Lord Black, along with former Hollinger executives Jack Boultbee and Mark Kipnis, have appealed their convictions under section 1346 to the U.S. Supreme Court.
The court is considering similar challenges from Jeffrey Skilling, the former president of Enron Corporation, and former Alaska state politician, Bruce Weyhrauch, who faces charges of soliciting legal work from a company that sought lower oil taxes from the state legislature. In the Weyhrauch case, a district court judge ordered evidence excluded from his trial related to an honest-services charge, and an appeals court ruled it was admissible, setting up the Supreme Court showdown.
Honest services is a quirky law originally conceived to keep public officials honest. But it has been used as a catchall to put white-collar criminals behind bars for various deceits. Lawyers and judges have grown increasingly critical of the law, calling it broad and vague. Just this week, federal prosecutors were reportedly looking at the law as a way of going after top Catholic church officials in Los Angeles, for covering up abuse of minors by priests.
In a 2003 case, federal appellate Judge Barrington Parker Jr. wrote: “It is quite clear that the statute imposes insufficient constraint on prosecutors, gives insufficient guidance to judges, and affords insufficient notice to defendants.”
The Supreme Court could choose to strike down the law, which could lead to those currently in jail for honest-services charges being able to seek release. The court could also uphold the law or it could seek to limit its reach by putting in restrictions on how it is applied or interpreted.
In the Black case, the charge centres on non-compete payments executives received in the sale of publications.
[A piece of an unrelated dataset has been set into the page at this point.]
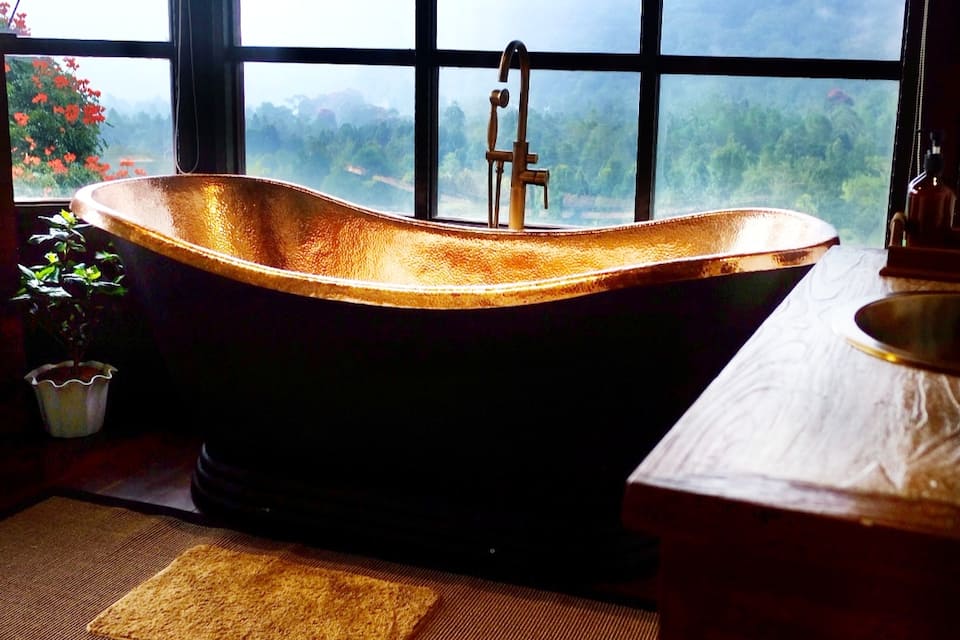 Bedugul Mountain Chalet, beside the forest, Sukasada, Bali, Indonesia, photo 2 of 10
Under Canadian law, such payments were tax-free at the time of the sale.
The jury dismissed the bulk of charges against the men which were grounded in fraud involving theft of money, but found them guilty on three counts of wire fraud for failing to provide the intangible right of honest services.
The problem with the law, said Jonathan Marcus, one of the lawyers who intervened in the Black appeal on behalf of the U.S. Criminal Defence Lawyers Association, is that it “gives prosecutors too much leeway and too much latitude. It’s vague and doesn’t provide clear guidance to the average citizen about what’s prohibited and what’s not. It’s very vulnerable to being invalidated.”
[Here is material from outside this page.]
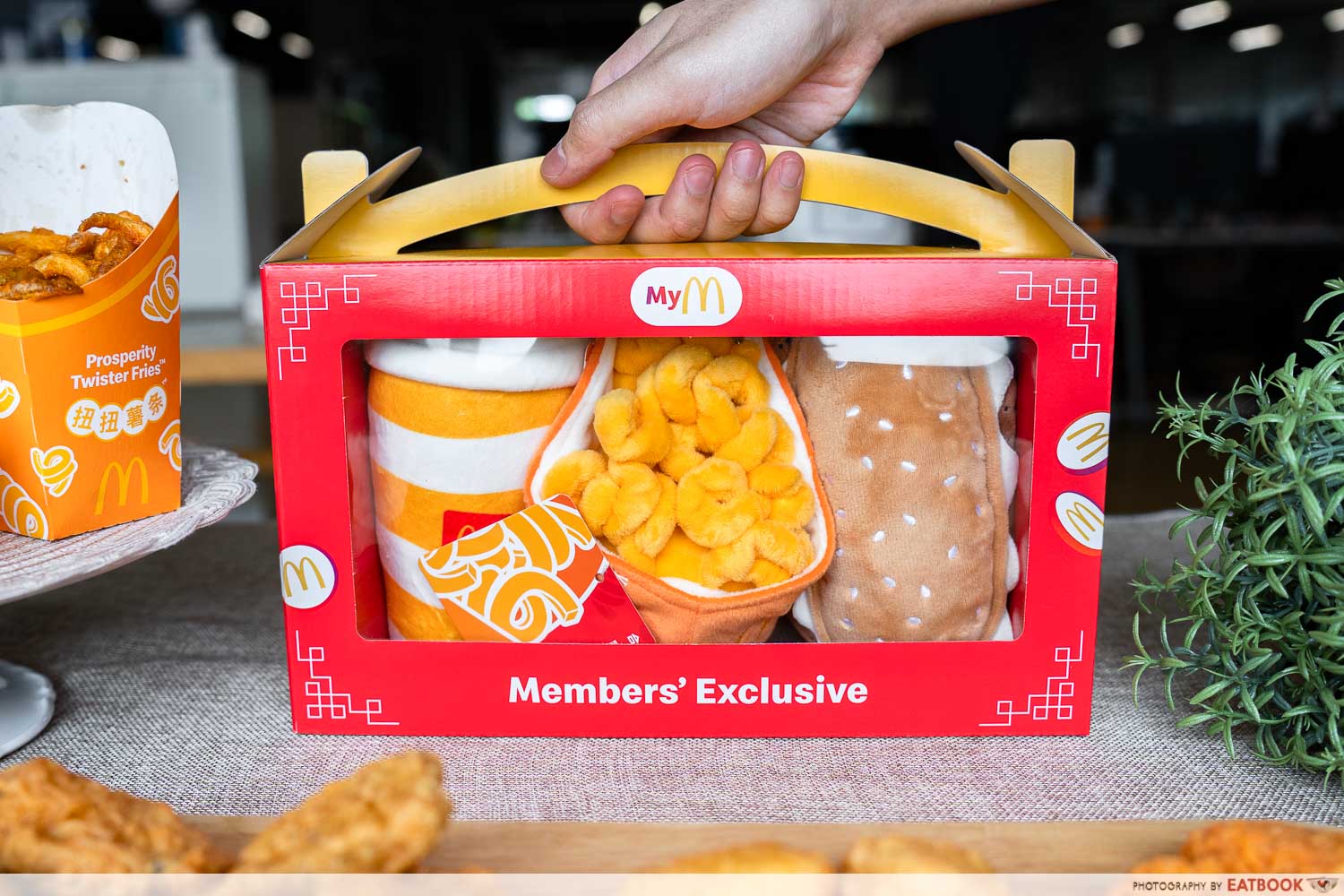 mcdonalds-prosperity-pals-plushies-set-interaction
Lord Black’s lawyers have argued that “the government has stretched this malleable phrase, unknown in the common law, far beyond the public corruption context that gave rise to its enactment, treating the statute as ‘nothing more than an invitation for federal courts to develop a common-law crime of unethical conduct.’”
The main thrust of the appeal is that the prosecutors had to show some sort of harm flowed to Hollinger, which the defence said the prosecutors failed to do and the jury instructions omitted. The government takes the position that it does not have to show economic harm to get a conviction.
The law was enacted in 1988 essentially to undo a Supreme Court ruling that the government could not use the fraud laws as they were worded at the time to prosecute schemes that deprived citizens of the intangible right to honest services.
The U.S. Chamber of Commerce has attacked the law, noting in its legal brief that it “imposes an unwarranted burden on American companies and executives who are entitled to fair notice of what conduct is and is not prohibited.”
The Citizens for Responsibility and Ethics in Washington has joined the government’s side, arguing that imposing a harm test on the law would “deprive prosecutors of this critical tool,” which the group says is used to “indict public officials on the basis of their intentional non-disclosure of a material conflict of interest.”
The court must rule on the matter before its term recesses in June.